Part 1 - Using HyperLedger Fabric v1 in (Re)insurance

“In May 2017 we completed the integration of Fabric V1 into the Insurance Blockchain Framework replacing Fabric V0.6.  Having completed end to end testing for ChainThat’s reinsurance solution covering, Contract Management, Negotiations, Firm Orders, Signing Down, Technical Accounting, Financial Accounting, Settlement and Claims Management using the ACORD data standards our lead Developer is writing a series of articles to share what we have learned with the wider community.

— David Edwards - Founder of ChainThat Limited

Introduction to Fabric V1

Fabric is an open source project under the umbrella of Hyperledger , a consortium hosted by Linux Foundation. It is a private and a permissioned blockchain based network. This means that the members participating in the network know each other’s identity unlike public blockchain networks where the members can be anonymous.  Also, in contrast to public blockchain networks, where every member has the same copy of the ledger, the members in the case of private networks have an option to keep data confidential amongst only the participating members of the contract. This post will describe the high level architecture of Hyperledger Fabric v1, which is a major change since the earlier v0.6 version. We will not describe the changes since v0.6 but rather focus primarily on the v1 architecture itself.

Fabric v1 Architecture

The strength of Fabric lies in its modularity, which we shall see when we describe its individual components. Modularity enables flexibility of a pluggable architecture but with it comes complexity. Before, we go into the typical architectural flows, we need to understand the Fabric network terminology.

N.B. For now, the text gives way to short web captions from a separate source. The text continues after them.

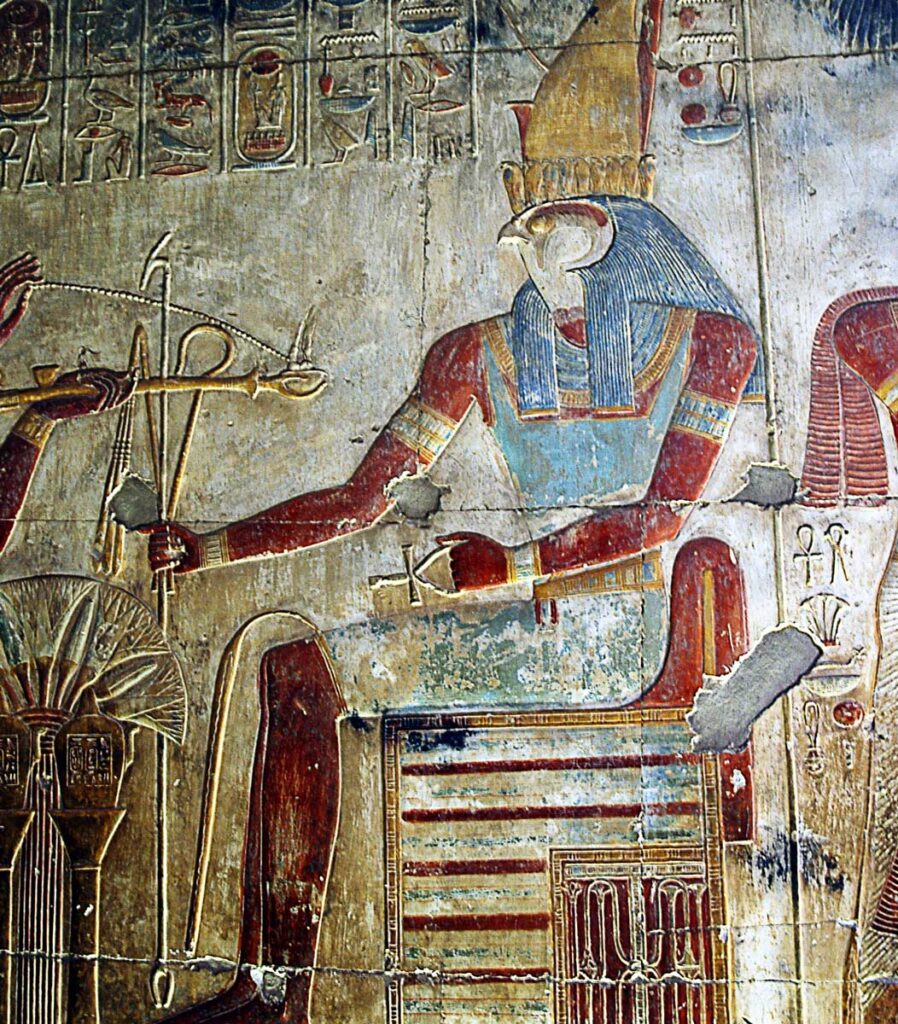 Horus, el dios halcón, asociado a símbolos populares como el ojo de Horus.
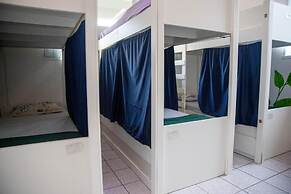 Island Vibe Nomads - Adventure Hostels & Coworking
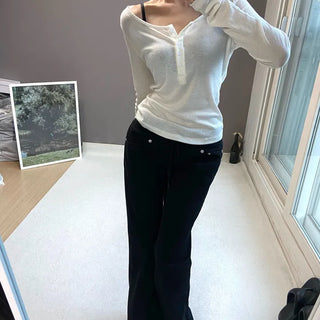 SOFT BUTTON TEE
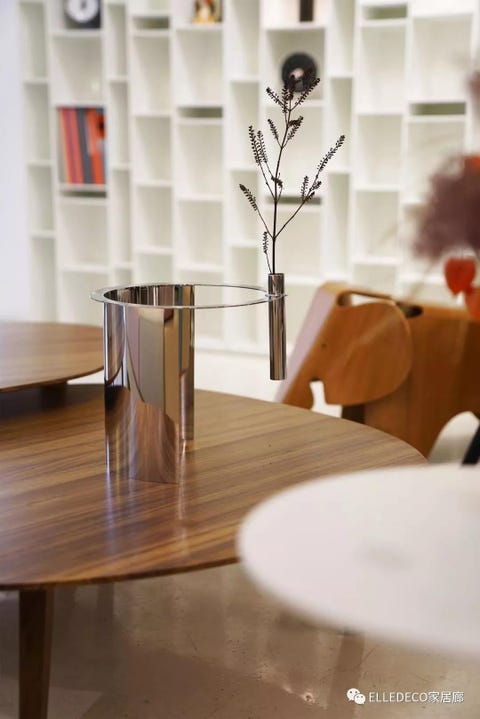 Table, Furniture, Room, Interior design, Floor, Coffee table, Dining room, Design, Material property, Wood, Table, Furniture, Room, Interior design, Floor, Coffee table, Dining room, Design, Material property, Wood,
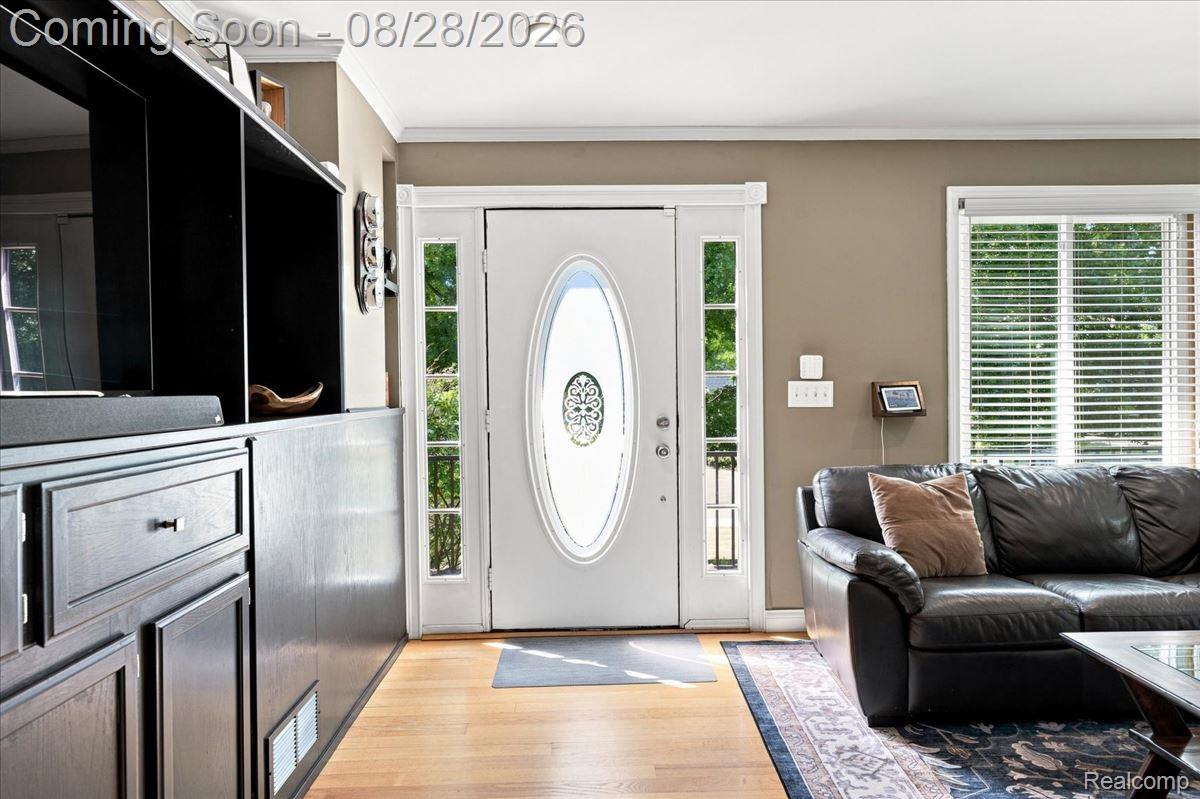 2048 Grace Avenue Rochester, MI 48309 - Photo 2 of 38 Entrance to the great room. 08-2048_Grace_Ave_28.jpg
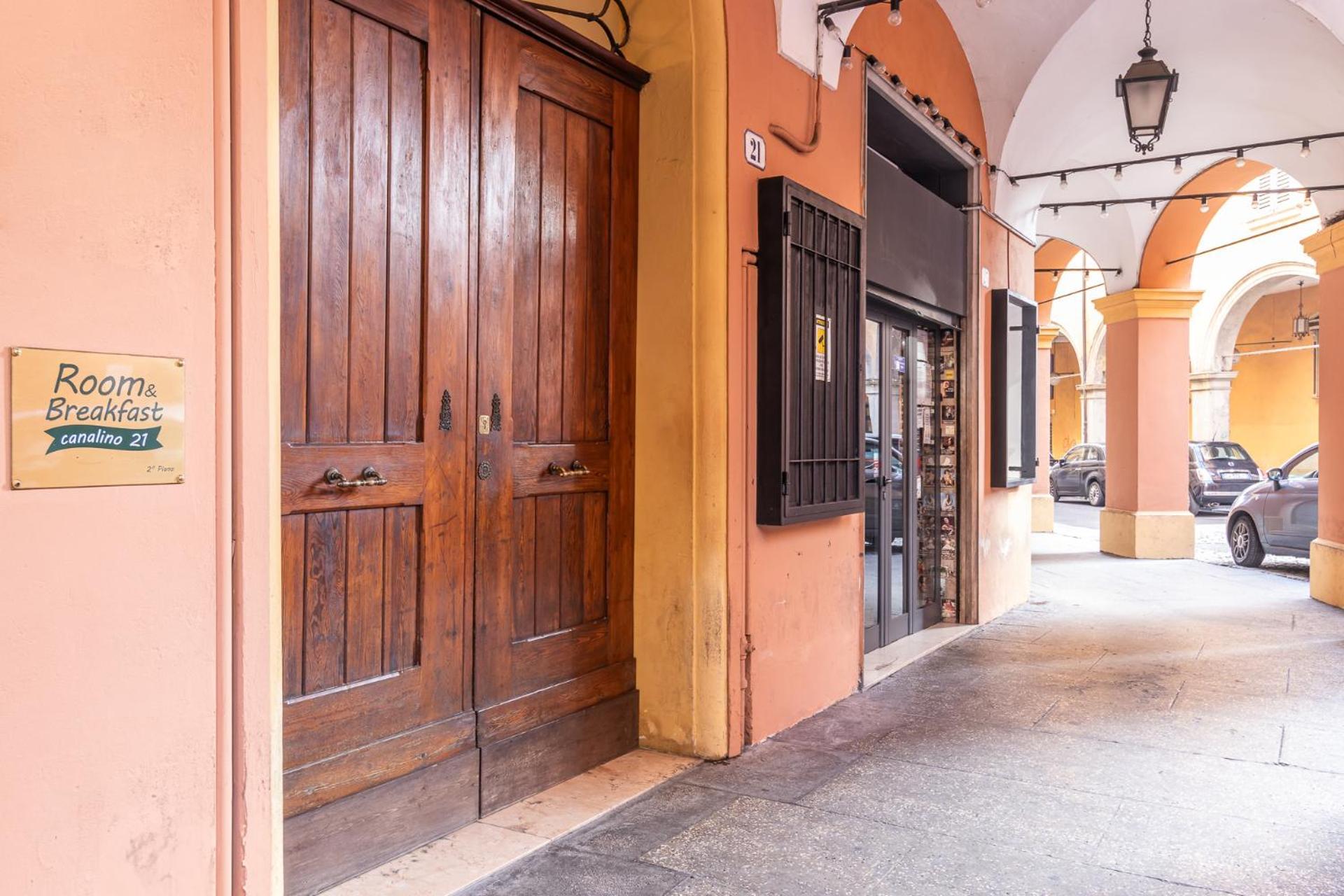 Room & Breakfast Canalino 21 모데나 외부 사진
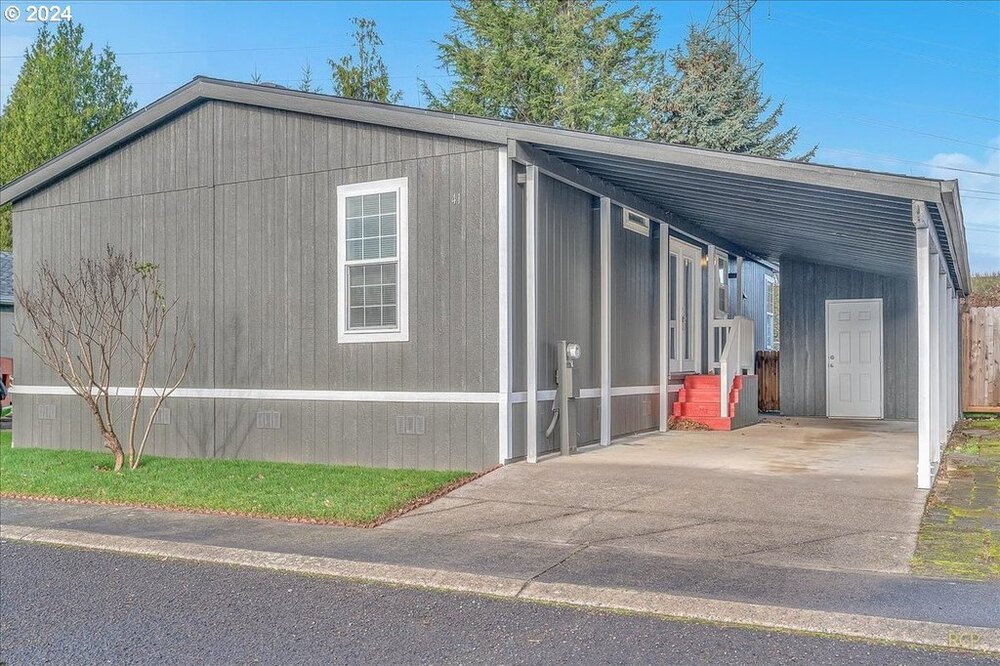 Photo of Mobile Home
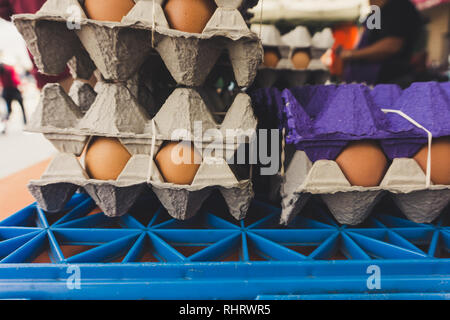 Close up d'un affichage de produits frais sans cage, des oeufs de poule à la vente du marché agricole de Montrose, près de Los Angeles, Californie Banque D'Images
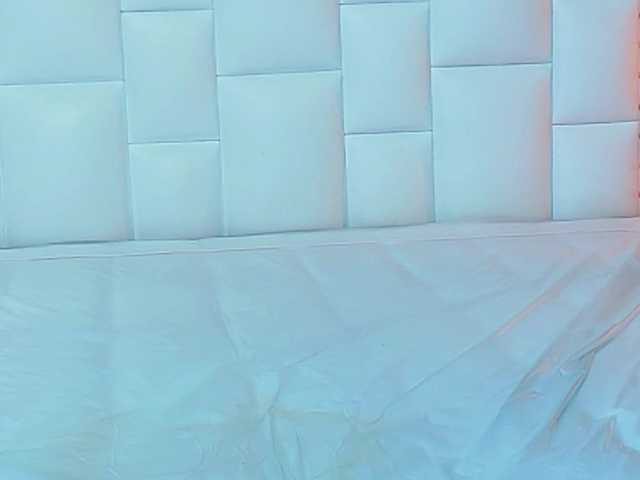 horny18girl's BongaCams show and profile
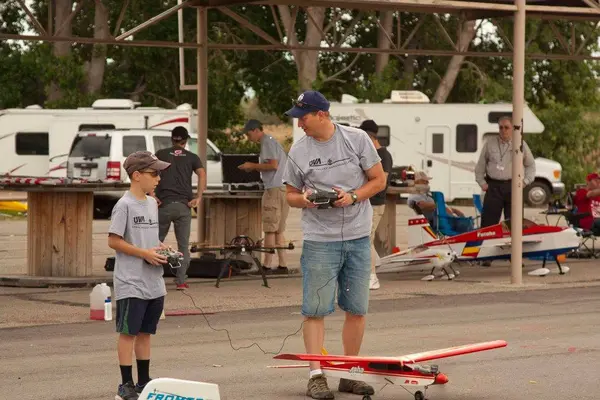 Jeff gets set up with a buddy box for a training flight.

Member of a network is typically an organisation authorised to participate in the network. These members own and maintain network entities called peers.

Peer node maintains the ledger and runs the Chaincode containers. Peer nodes can play an endorsing role in addition to the standard committing and validating role.

Ledger keeps track of the current and historical state. Essentially, it is the core backbone of a blockchain containing chained sequential blocks of transactions.

Chaincode is the term used for Smart Contract in Fabric. It is an entity which could hold the state of one or more digital assets. It is a piece of code that is deployed on the peer allowinginteraction with the network ledger to store or query its state.


These components are required for any Blockchain 2.0 platform, which introduced the concept of Smart Contracts. However, the uniqueness of Fabric comes with its built-in support for channels, which are isolated data stores, security including identity management using Fabric certificate authority and the decoupling of consensus using ordering service as a pluggable component.

Fabric Channels provide you a way to have your own confidential (private) area in the ledger. These are separate ledgers where only parties subscribed to the channel are able to read and write data. Other parties who are in the network but outside the channel have no access to this data. Generally, these channels manifest physically as a separate database. A two step (install and instantiate) deployment mechanism of Chaincode allows a maximum of one instance of a certain Chaincode type to runs on each peer even though it can be used to serve multiple channels.

The Ordering Service provides an ability to order transactions into a block on a first come first serve basis for all the channels on the network. This service contains the cryptographic ids of all the members of the network. It produces blocks and communicates these blocks to the peers, thus binding the network. An orderer can work with multiple channels at the same time and more than one organisation can be added to the Ordering Service.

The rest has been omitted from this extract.